I am trying to set up two LCD screens on top of one another vertically. And it looks like the resolution would be 3840 tall and 1080 wide. What gear would I need to to this to make it look right. I am using a pair of NEC that have matrix built in, but it looks like it is stretching it.


----------



## metti (Aug 16, 2011)

What are you using to feed them content. Most media servers or video playback programs can handle the processing for you but it all depends on where the content is coming from.


----------



## Jayfears (Aug 17, 2011)

I can use many different things (computer, BluRay). But I was hoping to keep it simple. 

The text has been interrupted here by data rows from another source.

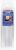 4YFY7 - Reciprocating Saw Blade, 3/4 In. W, PK 25 Подробнее...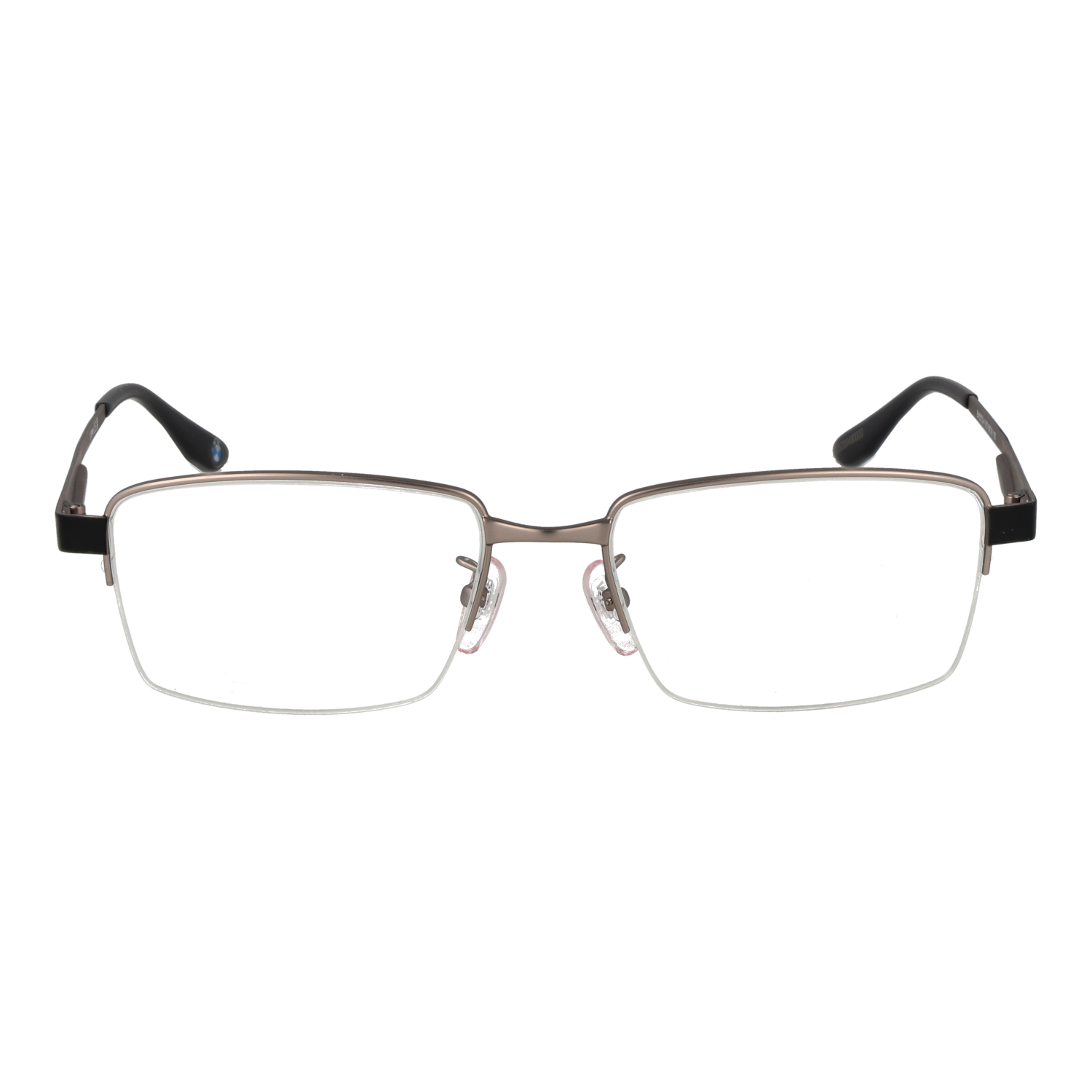 BMW MOD. BW5072-H 56015 BMW MOD. BW5072-H 56015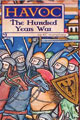 Havoc - The Hundred Years War - Sunriver Games 2005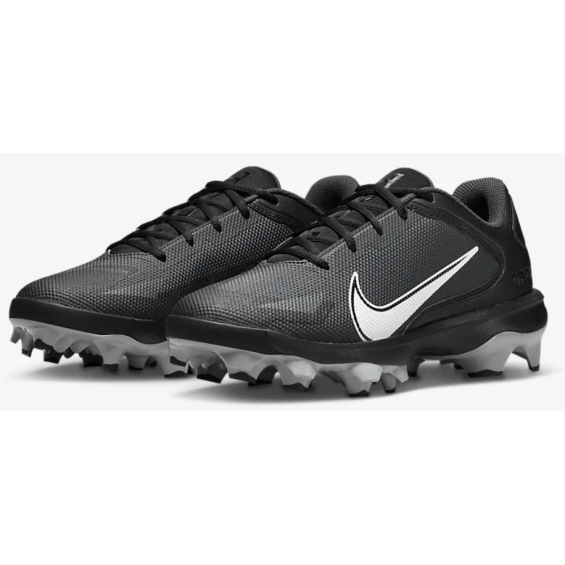 Ganchos de Taco Nike Trout 8 Beisbol
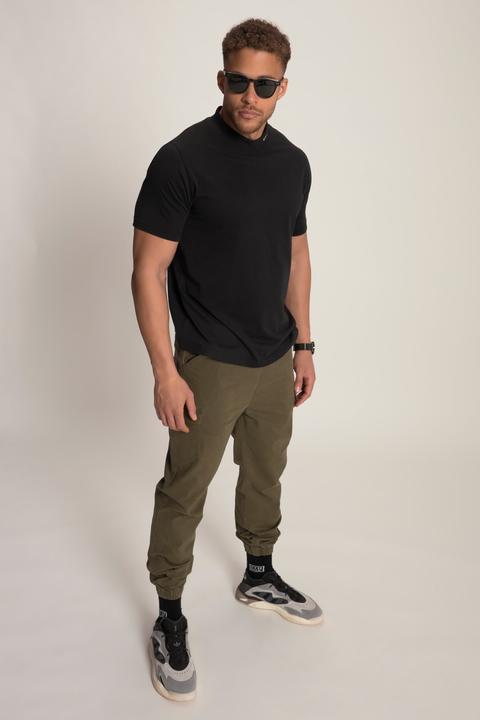 Produktbild Sthuge Cargohose, Modern Fit, Elastikbund, 6 Taschen (7XL)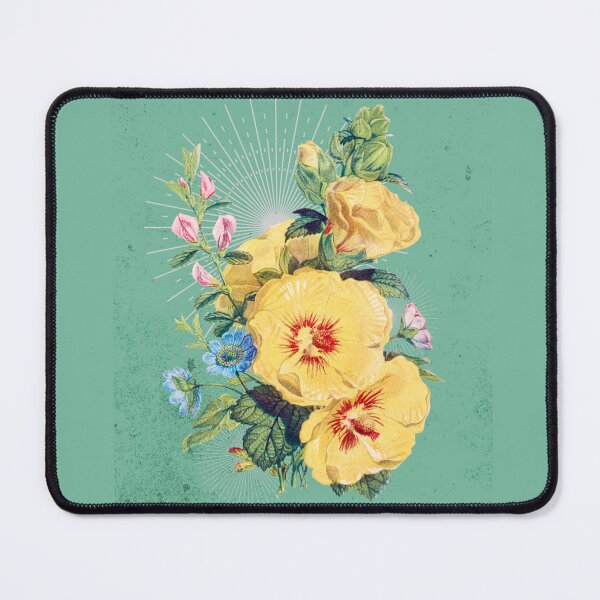 Item preview, ramo de flores designed and sold by LiscentDesigns.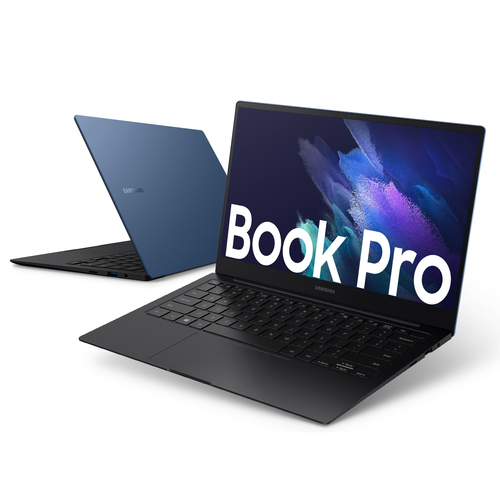Samsung Galaxy Book Pro NP930XDB-KF7IT laptop Intel® Core™ i5 i5-1135G7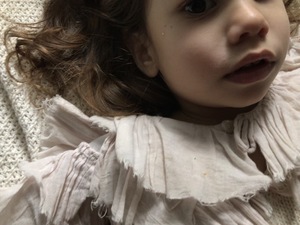 Natamarie-1510776989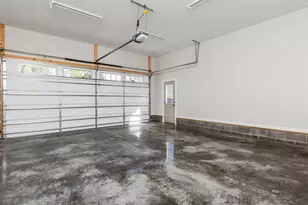 176 S Virginia St, Strasburg, VA 22641 - Photo 23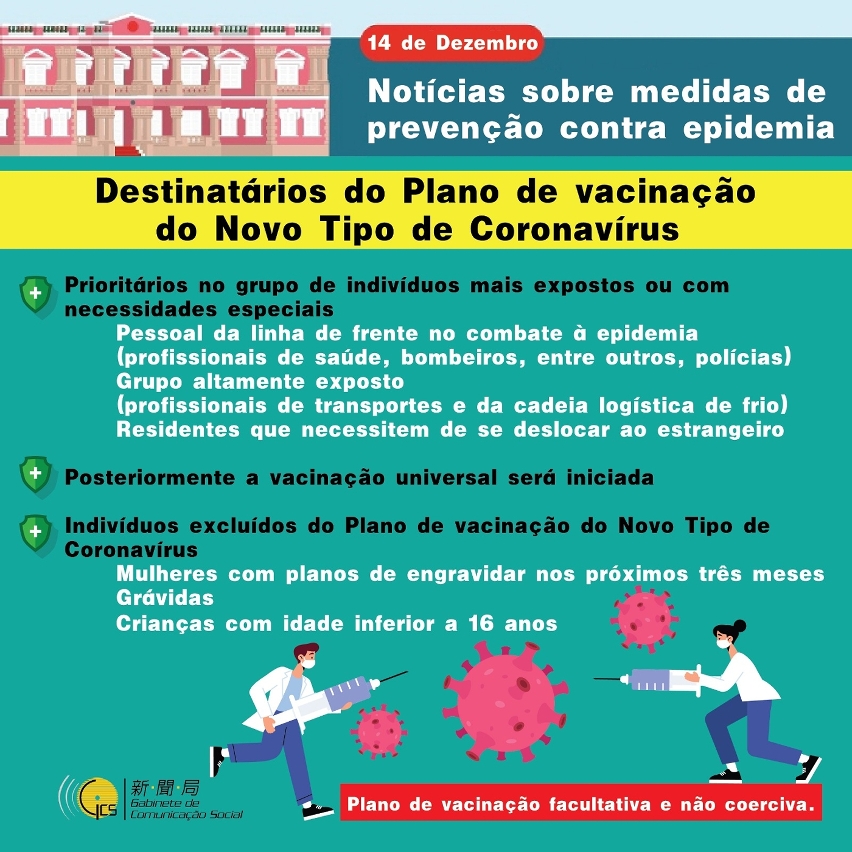 Infografia1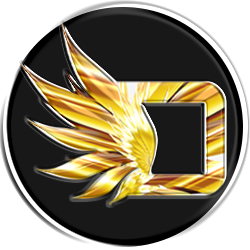 Avatar Candra Maya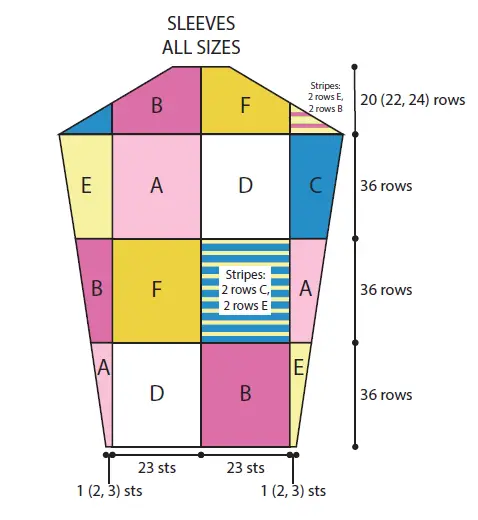 LION-BRAND-M21256-FB-Feels-Like-Butta-Chromatic-Sweater-fig3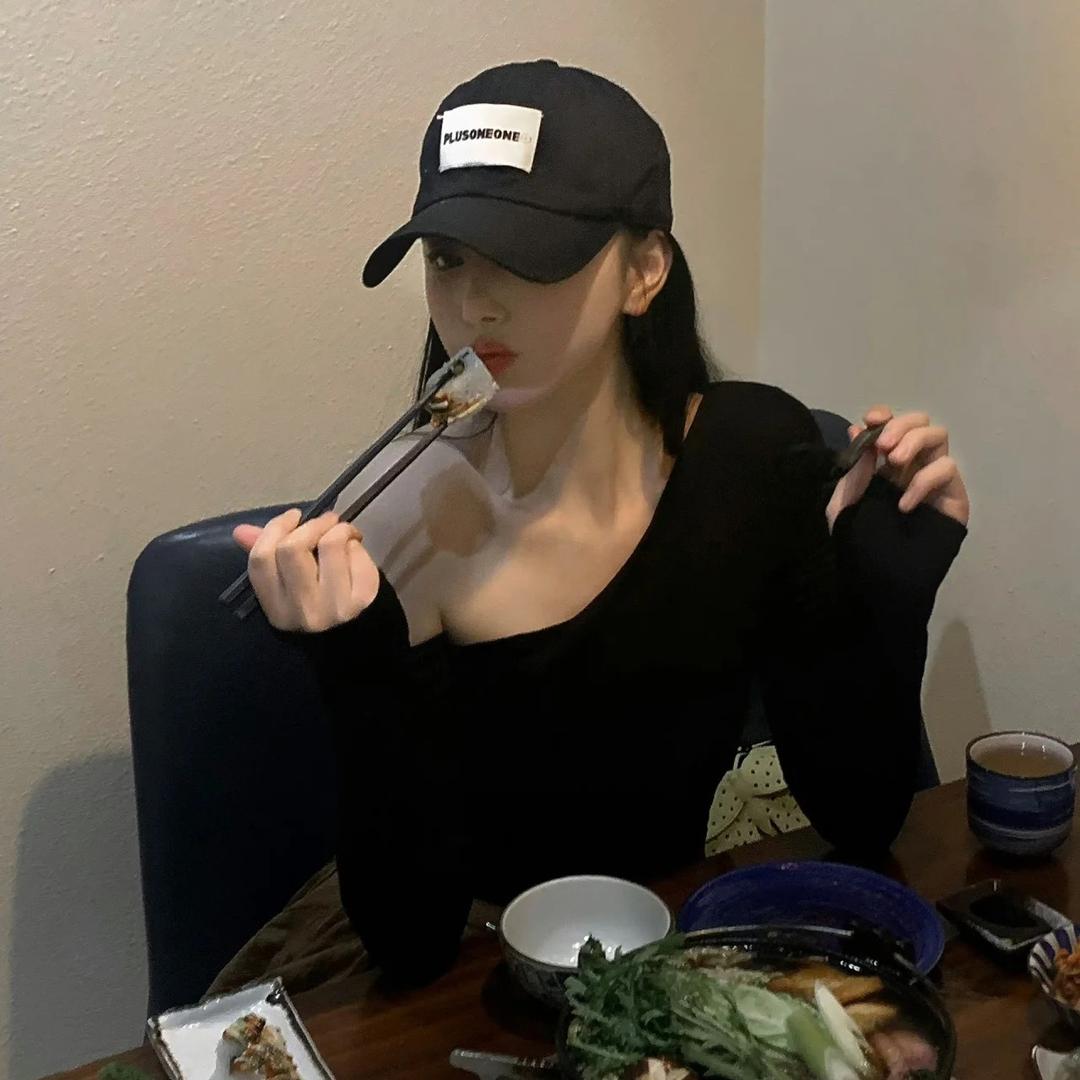 一只曼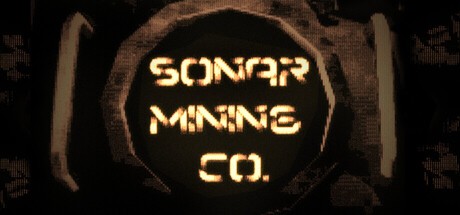 Games like Sonar Mining Co.
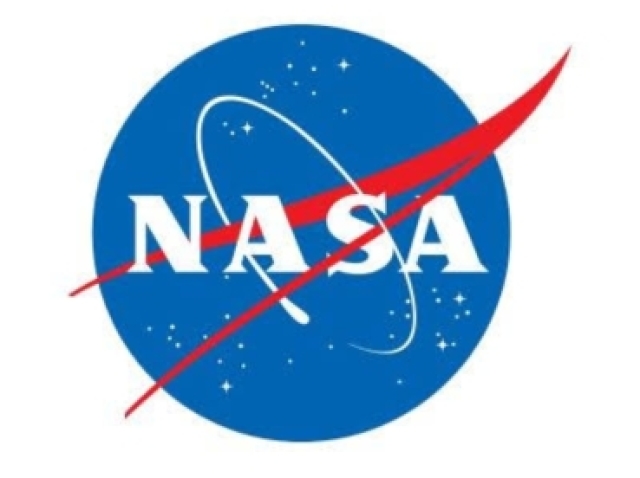 Nasa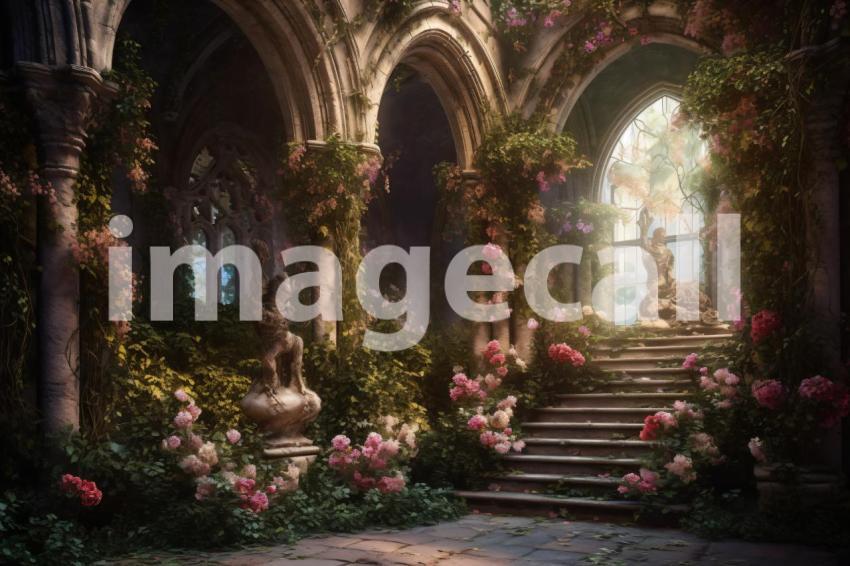 A102 Fairytale Kingdom (7)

Was thinking of feeding it from a DVD player. The NEC have built in video wall, but I'm not sure if the resolution will be right. What would suggest for the easiest set up?


----------



## museav (Aug 17, 2011)

What are you trying to do? It sounds like you are taking two portrait mode displays and tiling them, which is going to result in what is effectively a single display with the 1080x3840 resolution and 9:32 format image you noted. I've never tried or seen a tile matrix with portrait mode displays, much less one that is two displays high and one wide, so I do not know for sure what will happen. However, if it works then I assume the content, or at least the portion of it you want to display, would need to be 1080x3840 resolution or it will be manipulated to fit that resolution and format. So feed the displays a 1920x1080, 16:9 signal and they will probably either zoom in on the center 304x1080 portion of the original image and scale that to 1080x3840 or will squeeze the original 1920 horizontal resolution of the image to 1080 while stretching the original 1080 vertical resolution to 3840. If you want anything beyond that you will likely have to look at an external processor rather than relying on the tile matrix functionality.


----------



## metti (Aug 17, 2011)

How are you going to use a DVD or BluRay player to feed content of such a non-standard aspect ration/resolution? Something like a Datapath x4 would allow you to do all the processing you need with a dedicated piece of hardware instead of relying on the source computer but you would still need to feed it content of the correct dimensions.


----------